The websites below provide information about vaccinations and tips for staying healthy while overseas:
- Travel Clinics Australia (Travel Clinic Australia)
- Smartraveller (Department of Foreign Affairs and Trade);
- International travel and health (World Health Organization)
- Travelers’ health (US Center for Disease Control & Prevention)
Immunisation History Statements are available from both the Australian Immunisation Register (AIR) and the Human Papillomavirus Register (HPV Register). Immunisation History Statements may be necessary for child care and school enrolment, employment at certain workplaces and are currently used by Medicare and Centrelink to determine eligibility for some family assistance payments.
For detailed information about obtaining a History Statement see the Immunisation History Statement section of this website.
Parents and guardians can find information on routine childhood immunisation in the understanding childhood immunisation booklet. This is a detailed booklet which informs parents and guardians on why children should be immunised against vaccine preventable diseases, common side effects of immunisation, how long immunisations last, vaccines that children require at specific ages, and the diseases they prevent. A handy quick guide to understanding childhood immunisation is also available.
What do families need to do to meet the immunisation conditions linked to some family assistance payments?

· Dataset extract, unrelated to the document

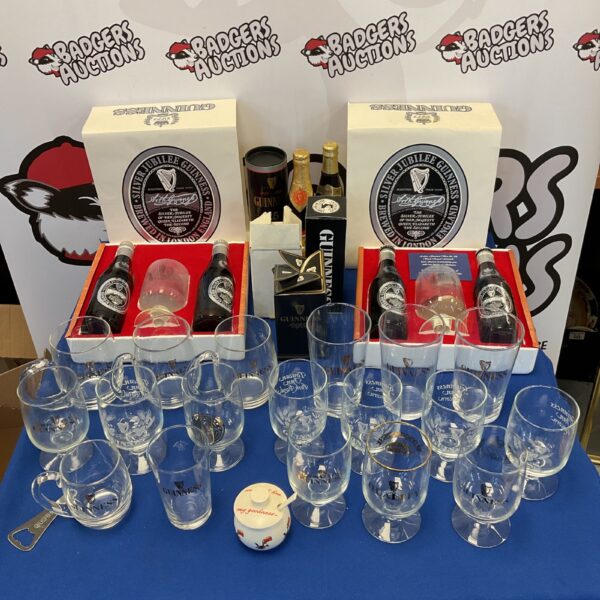 Large collection of Guinness glasses and bottles for collectors.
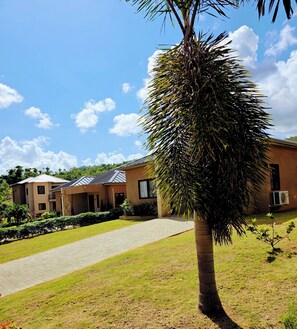 A modern building with a paved walkway, a palm tree, and a clear blue sky. - 2-bedroom bungalow in beautiful Ocho Rios gated community  with AC. (Ocho Rios)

Parent’s eligibility to receive family assistance payments such as Family Tax Benefit Part A Supplement, Child Care Benefit, and Child Care Rebate is linked to their child’s immunisation status.
Most of the childhood immunisations on the National Immunisation Program Schedule are linked to family assistance payments. See the Department of Human Service’s website to see which of the National Immunisation Program Schedule immunisations are included in the list of immunisations to be eligible to receive family assistance payments linked to the immunisation status of a child. The Department of Social Services also provides information on these payments.